Problem to solve: Transcribe nothing except the lines below that run from the one with "Barrett | PetCurious" to the one with "Nike Air ZOOM Pegasus 41 GTX", ends included, and do not copy any picture.

Provided data:

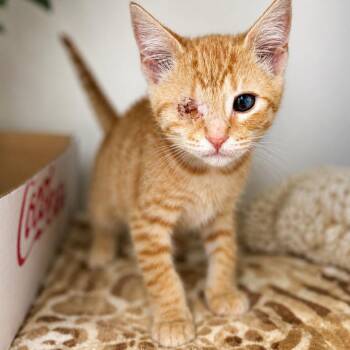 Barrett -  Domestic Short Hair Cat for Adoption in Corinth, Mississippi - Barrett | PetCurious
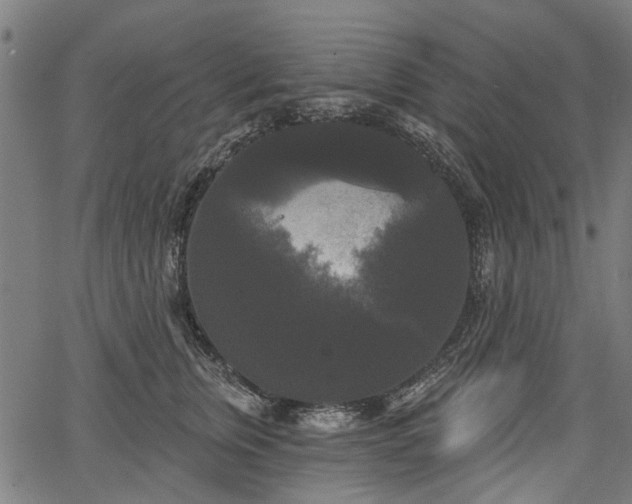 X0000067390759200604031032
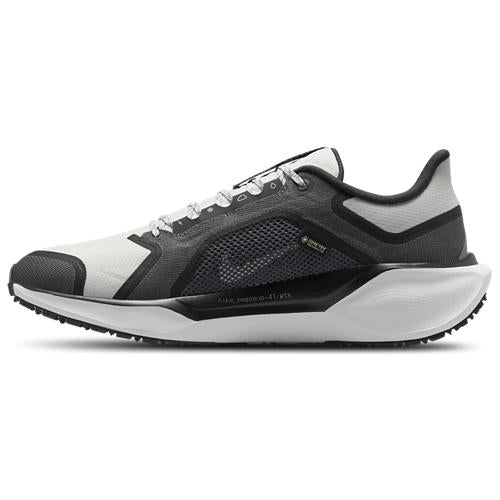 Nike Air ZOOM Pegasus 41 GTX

==

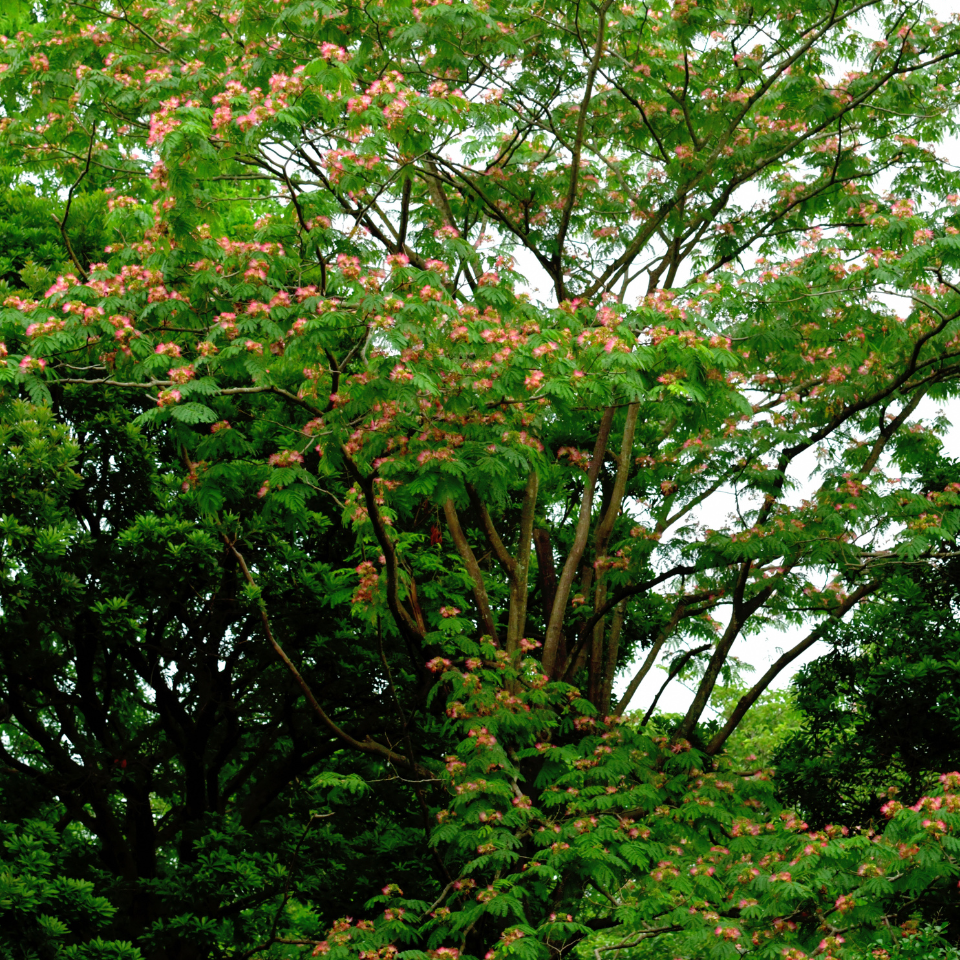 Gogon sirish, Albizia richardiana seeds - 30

Written answer:
 Barrett -  Domestic Short Hair Cat for Adoption in Corinth, Mississippi - Barrett | PetCurious
 X0000067390759200604031032
 Nike Air ZOOM Pegasus 41 GTX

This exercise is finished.